They wanted a hard-to-compute cryptographic hash function. Today, that means bcrypt or something with a KDF construction. However, they needed one with unlimited input size, which rules out bcrypt.
Or just a hash of the bcrypt hash, for the password!
I don't like using thought-stopping cliches any more than anybody else does, but this design feels a little cargo-culted. All this stuff follows the more fundamental question of "why is the password mixed into a cache key"?
> It's still unclear to me why the password is in there.
Perhaps they did not want to apply cache invalidation purely by the passage of time, or want that passage of time to be long, but wanted to treat a credentials update as a cache invalidating event. A safer way to implement that would perhaps be to have a concept of a version of an account, incremented when authentication options or other significant properties change, and including that in the cache key.

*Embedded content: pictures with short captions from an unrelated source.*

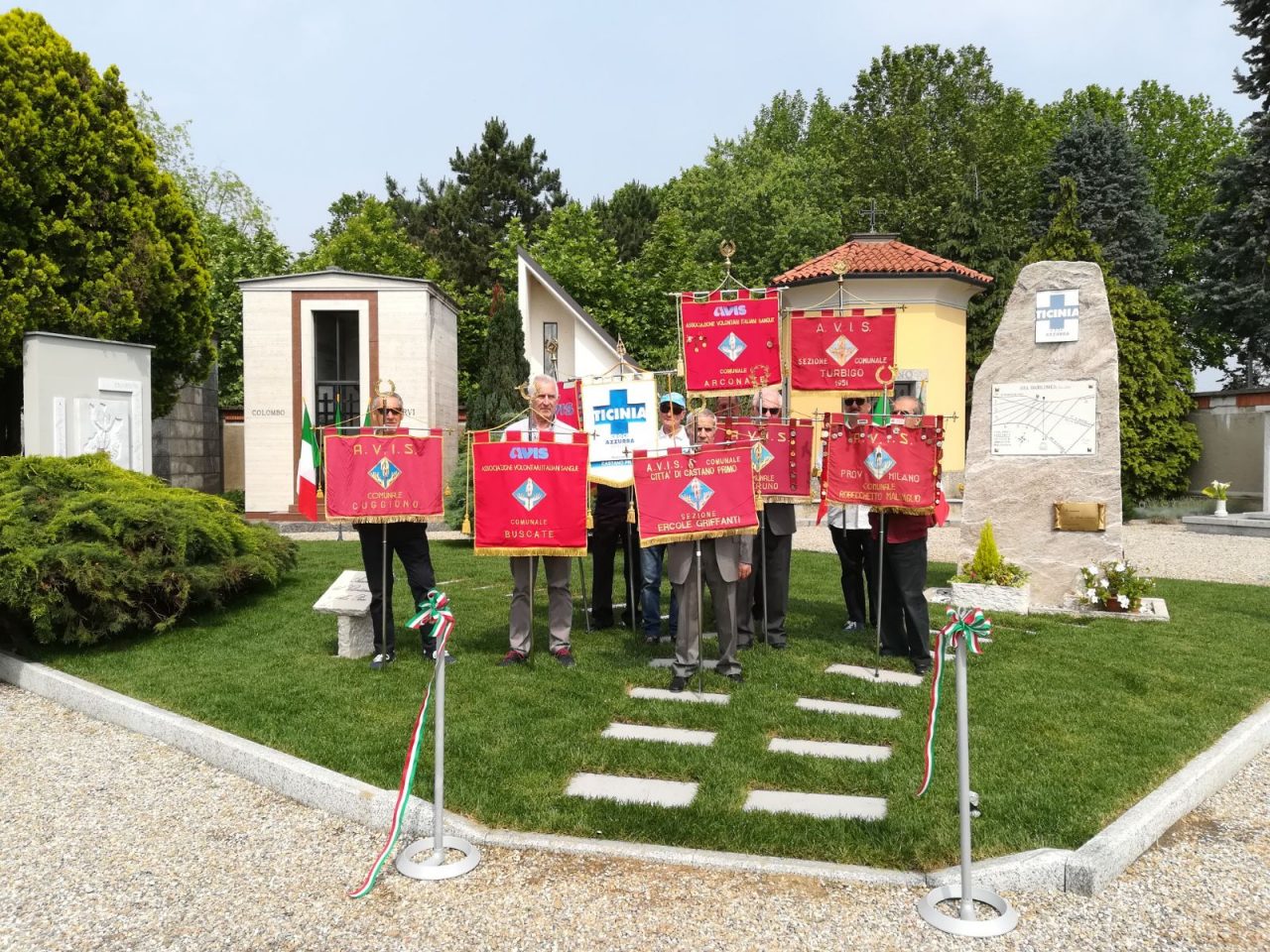 Settant’anni di Avis, a Castano dedicata un’aiuola
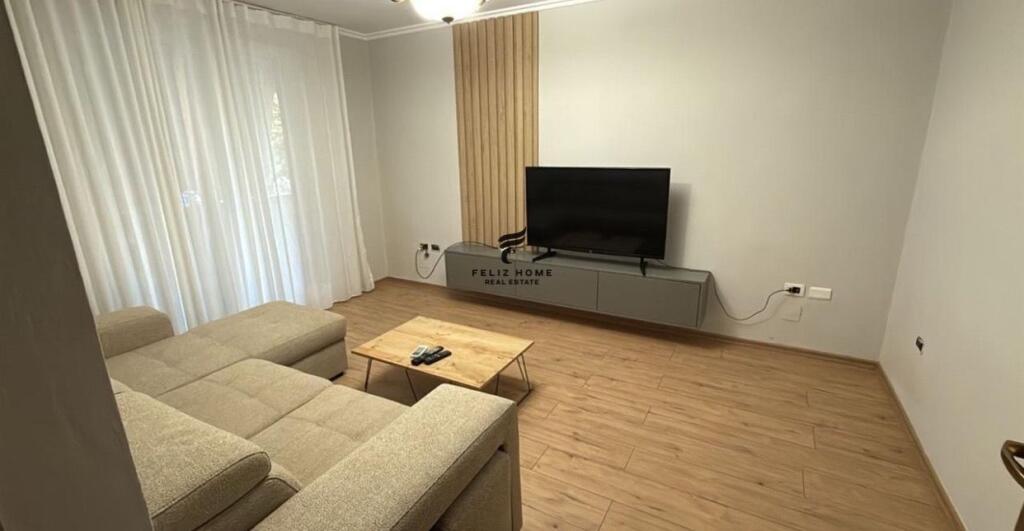 APPARTAMENTO IN AFFITTO 1+1 PIAZZA WILLSON 700 EURO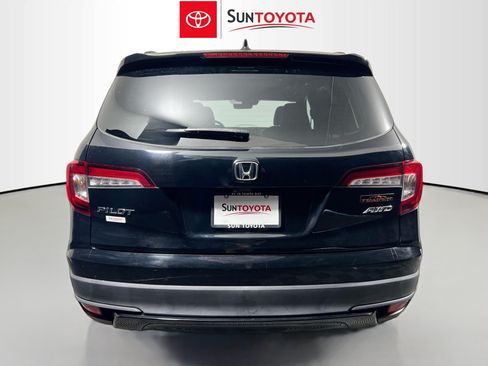 Used 2022 Honda Pilot TrailSport image 5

I'm not sure why it would matter though: even if a credentials change does invalidate the cache from the PoV of the user looking up information, the information is potentially still in the cache so could still be referred to by someone else who has gained knowledge of the old credentials.
Then use some other data which can act as a proxy for that, like the date of the last credential change. Using the password itself is a terrible security smell.
HMAC-bcrypt is a more complicated version of the first construction I proposed, and it would need a rigorous cryptanalysis if someone wanted to actually use it in production. It sounds like Okta actually wanted PBKDF2(stuff) here.
An authentication company should have known this...
I feel like the "authentication company should have known" thing is unuseful; most developers at "security" companies are just ordinary generalist developers. Ironically, I think they boned themselves by trying to be too clever here, not too casual.
You don't think a company whose entire reason for being is providing security services for other companies should have designs related to authentication reviewed by security experts?
All of the SHA functions allow unlimited input size. And yes, bcrypt computation time dwarfs that of SHA-3.
The SHA-3 family has "extendable-output functions," which can ostensibly be used to generate unlimited numbers of bits (albeit with only a given security level). These are new to SHA-3.
SHA-3 has more internal state, it really is plausibly better at handling very large data. If 'unlimited' is really less than a gigabyte, there's no problem. It's mostly the preimage series of attacks and length extension at that point. SHA-3 is better on those. SHA-512 has zero length extension attack resistance.
Internal state length may be a bit of a red herring (note that SHA-3 makes up for that longer internal state by ingesting more data per round), but SHA-3 probably has a higher security margin than the SHA-2 construction mostly because we have had sponge constructions for less time than we have had Merkle-Damgard constructions. NIST basically forced a higher security margin on SHA-3. You are correct about the length extension attacks (although these are mitigated by using SHA-2-512/256 for example), but I don't think that matters here.
I don't like using thought-stopping cliches any more than anybody else does, but this design feels a little cargo-culted. All this stuff follows the more fundamental question of "why is the password mixed into a cache key"?